# About this task:
In the records that follow, find the line containing "Sparkle Elite | Raquel Welch Wigs" and the line containing "Bilancia vintage sfinge", then transcribe both and every line between them exactly, omitting pictures.

# Entries supplied:
[Start of Attachment]
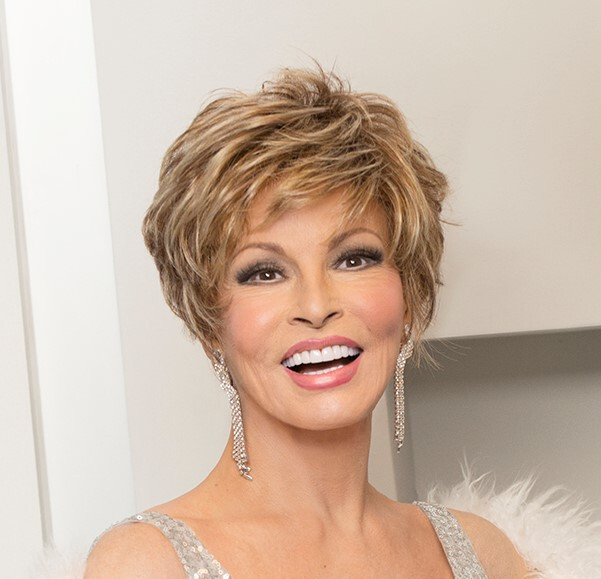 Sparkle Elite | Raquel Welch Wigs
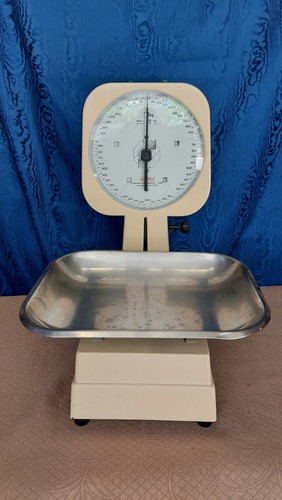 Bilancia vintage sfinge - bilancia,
[End of Attachment]
[Start of Attachment]
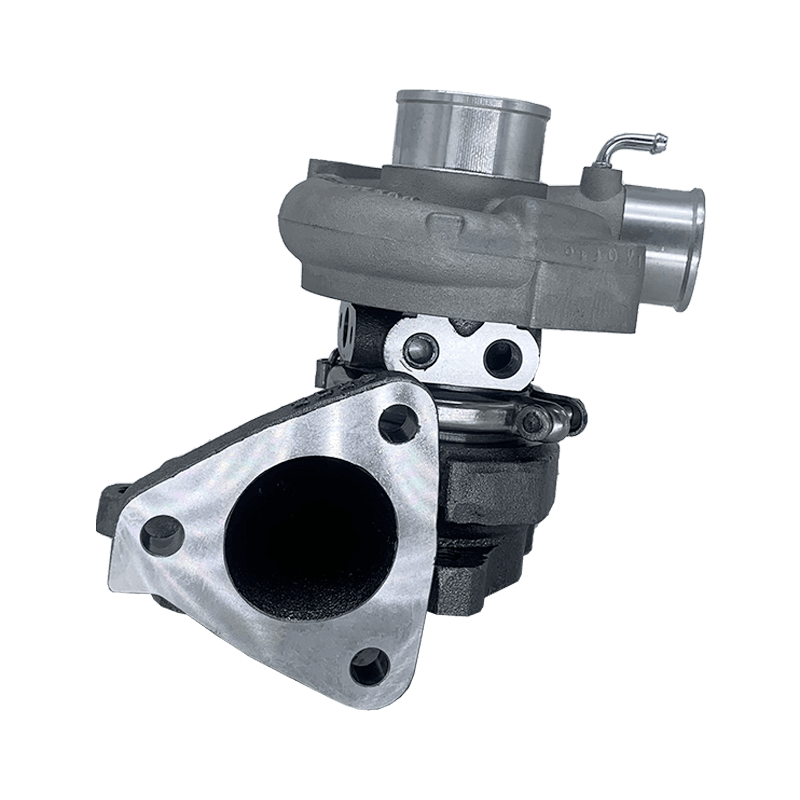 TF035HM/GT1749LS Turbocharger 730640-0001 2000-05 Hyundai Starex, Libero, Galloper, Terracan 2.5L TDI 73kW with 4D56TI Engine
[End of Attachment]
# Solution for this exercise:
 Sparkle Elite | Raquel Welch Wigs
 Bilancia vintage sfinge - bilancia,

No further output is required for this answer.